For example clothed, female figures like Nike, here on a coin from Nicopolis ad Istrum (Moesia).
Or Nemesis, here on the reverse of a coin from Tripolis in Lydia, or as an unattributed provincial countermark (= Howgego, GIC 283).
More mysterious is the youth holding a bird in his outstretched hand on coins of Pergamon (Mysia) with obverse type of helmeted head of Athena, who was identified by Imhoof-Blumer in 1908 (Zur griechischen und römischen Münzkunde, 2) as one of the minor “gods of healing” associated with Asclepius. These included Telesphorus, normally represented as a little cloaked figure, however, rather than as a naked youth, and Euamerion. Two reverses are shown here, of coins struck by Ioulios Pollion in the time of Hadrian (l.) and by Diodoros in the time of Commodus (r.).
There are also nude boys depicted on the reverse of Hadrianic coins from Hierocaesareia in Lydia (photo courtesy of Numismatik Naumann GmbH), but these too are not winged.

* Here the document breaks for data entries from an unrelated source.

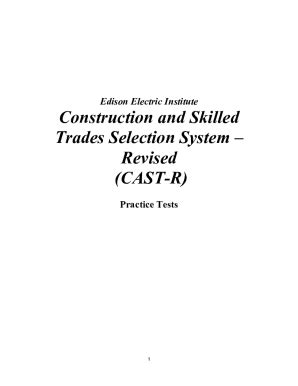 Fillable Online EEI Cast Test Free Sample Practice Test Questions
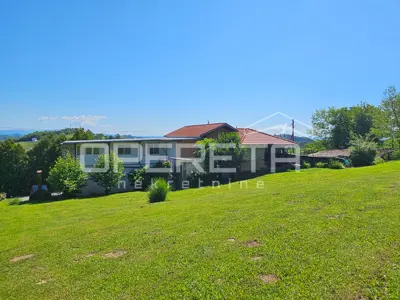 Haus 250 m², Tuhelj - Blick auf die Hügel von Zagorje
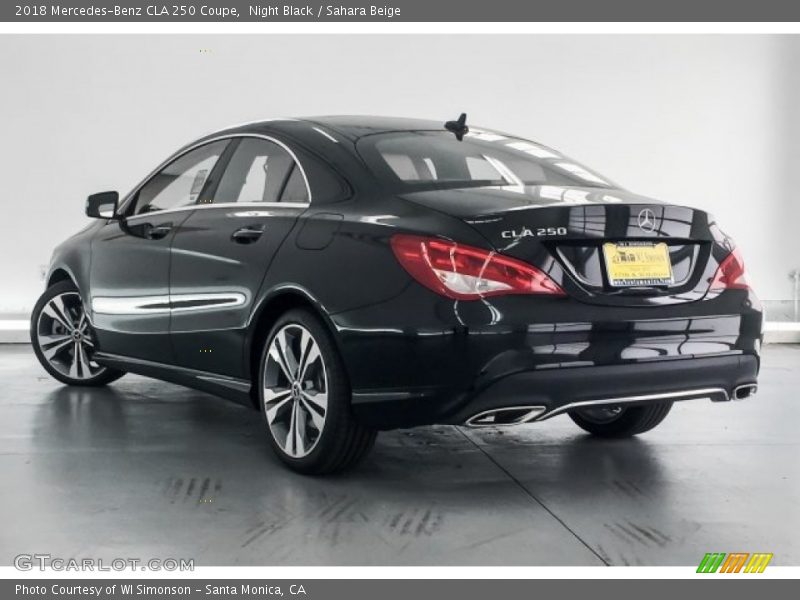 Night Black / Sahara Beige 2018 Mercedes-Benz CLA 250 Coupe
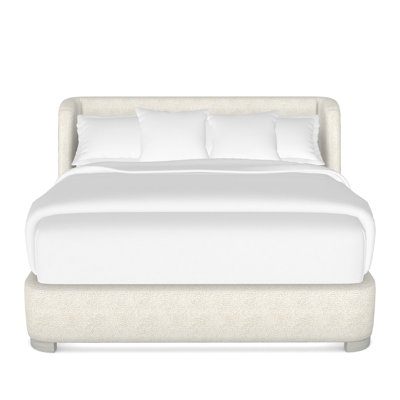 Tansy Upholstered Wingback Bed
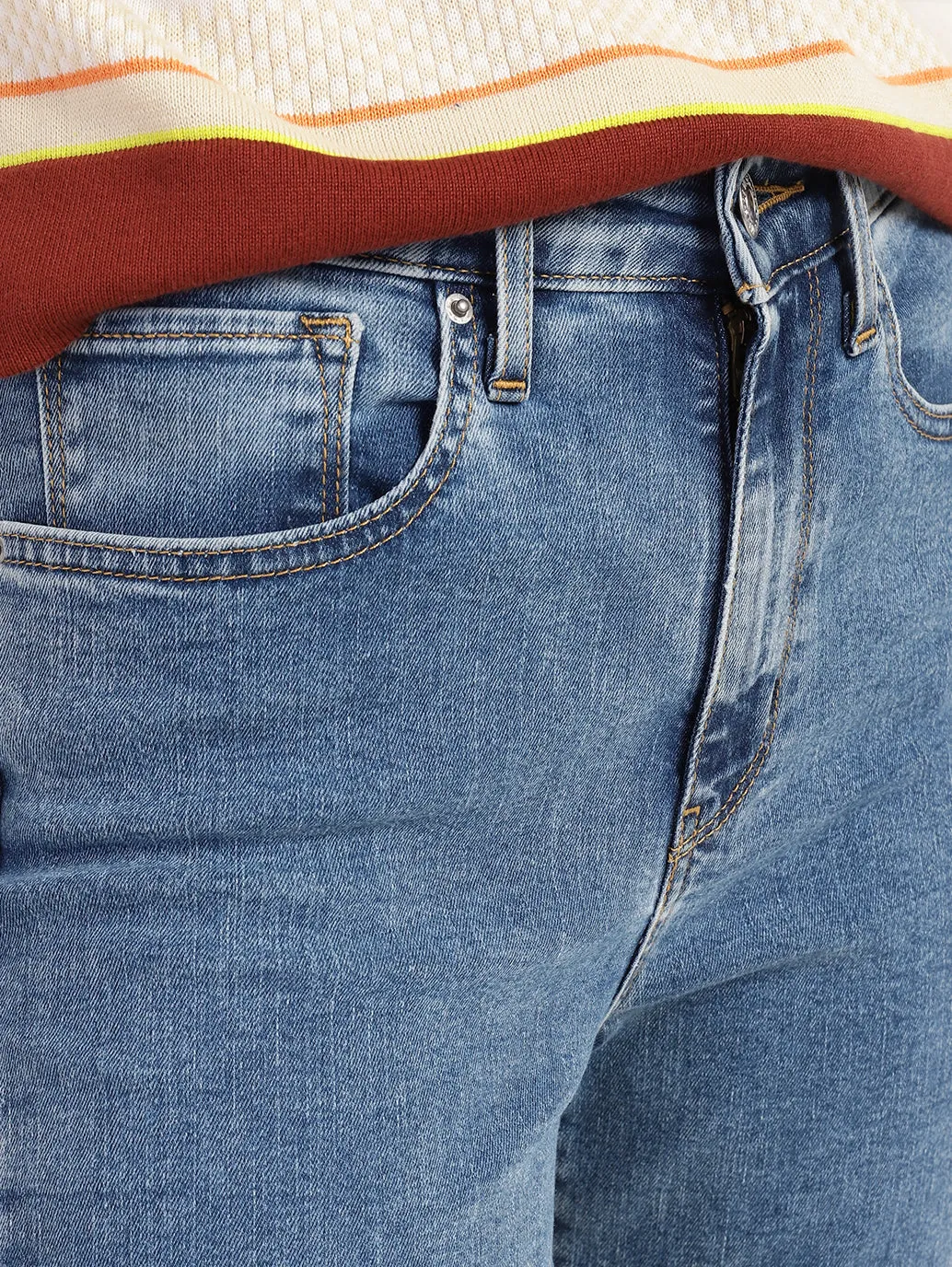 Women's 721 Blue Skinny Fit High Rise Jeans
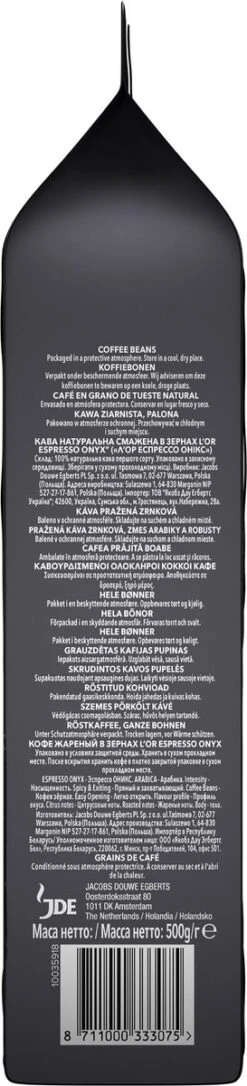 L'OR Espresso Onyx Koffiebonen (12) - 4 X 500 Gram 14 L'OR Espresso Onyx Koffiebonen (12) - 4 X 500 Gram -Rogers Coffee Service Winkel 273x1200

Another mysterious reverse type comes from Serdica (Thracia) and shows a naked young god with a serpent-staff; by his side is a small figure, reaching up towards him (illustrations). The two figures are not Aesclupius and Eros, but Apollo the Healer and, possibly, his son Aesculapius; alternatively, Telesphorus (as Patricia Lawrence has pointed out, the identification is difficult because of the lack of attributes; see the discussion of Aesculapius, Telesphorus, and Co. in Hans-Joachim Hoeft’s Münzen und antike Mythologie, 2011, pp.279 ff. and 289 ff.). Here are two variants: on the left (photo courtesy of Lübke & Wiedemann KG) the tiny figure is naked, while on the right (photo courtesy of Classical Numismatic Group, Inc., www.cngcoins.com) he is wearing a chlamys over his shoulders, which might easily be mistaken for wings on a worn specimen of the coin.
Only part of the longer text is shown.